Defence Secretary James Mattis, who is set to leave his post by 1 January, blocked the $500 million deal for the sale of 12 F-16 fighters that Israel and Croatia had agreed on months ago, Israeli journalist Barak Ravid wrote on the website Axios. Israel, which marketed the upgraded jets that were originally manufactured by the US corporation Lockheed Martin, needed Washington’s approval for selling them to a third party. The US, in turn, demanded that Israel uninstall its modifications, which it had added to the jets prior to selling them to Croatia, while the latter reportedly refused to buy the un-modified F-16s.
The journalist, citing an unnamed Israeli official, claimed that Prime Minister Benjamin Netanyahu called the outgoing defence secretary in mid-December, before Mattis’ resignation was announced, and tried to talk him into softening the US stance on the deal. After failing to soften Mattis, Netanyahu also gave up on plans to turn for help to Lockheed Martin President Marilyn Hewson, as he “ultimately decided it was a lost cause”, the report suggested. The cited official told the website that they can do nothing more than "apologize to Croatia for the deal falling apart and move on".

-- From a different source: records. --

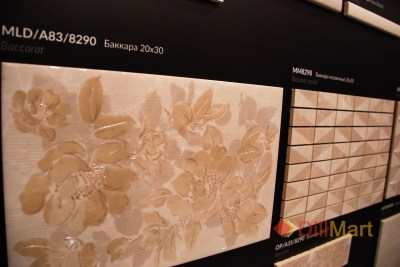 Керамическая плитка Баккара Kerama Marazzi (Керама Марацци) в интерьере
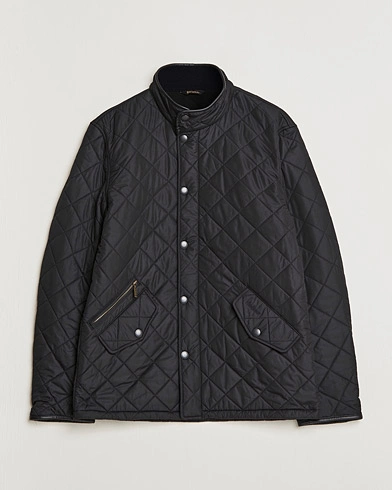Mies | Barbour Lifestyle | Barbour Lifestyle | Powell Quilted Jacket Black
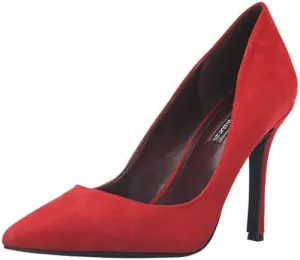 Bgtreasure Dress Pump Holiday Red 6 M Us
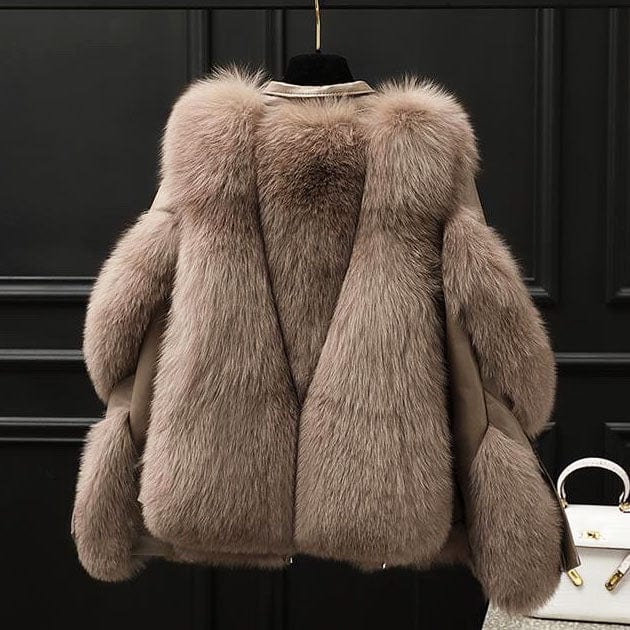 Chaqueta Ajustada Con Cierre Frontal Para Mujer | Ideal Para Uso Diario en Temporada Fría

"For reasons we don't fully understand, the Americans hardened their conditions and, apparently, we misread their position on the deal. Practically, the F-16 deal with Croatia is dead and we don't think it is possible to get an agreement that will reconcile the U.S. conditions and the Croatian demands in the tender", the official reportedly told the journalist.
The Israeli cabinet and the Pentagon, along with the State Department, have not yet commented on the matter.
Netanyahu reportedly tried to win Secretary of State Mike Pompeo’s support for the sale during their negotiations at the beginning of December. Pompeo reportedly said that he didn’t mind, but informed the Israeli prime minister that Mattis was blocking it.
Earlier reports suggested that the US indicated its intention to block the deal in November. According to Axios’ information (which has not been confirmed by either the US or Israeli), White House officials were “furious” that Israel had installed its electronic systems in the F-16s and was trying to steal clients and profit at the expense of the US.
Mattis submitted his resignation to Trump on 20 December after the US president decided to withdraw all US troops from Syria, saying that his views and Trump’s did not “align”. Mattis said in his letter that he would depart in February, however, the message reportedly prompted an angry reaction from Trump and on Sunday the president announced that Mattis’ deputy, Patrick Shanahan, would become acting defence secretary beginning on 1 January.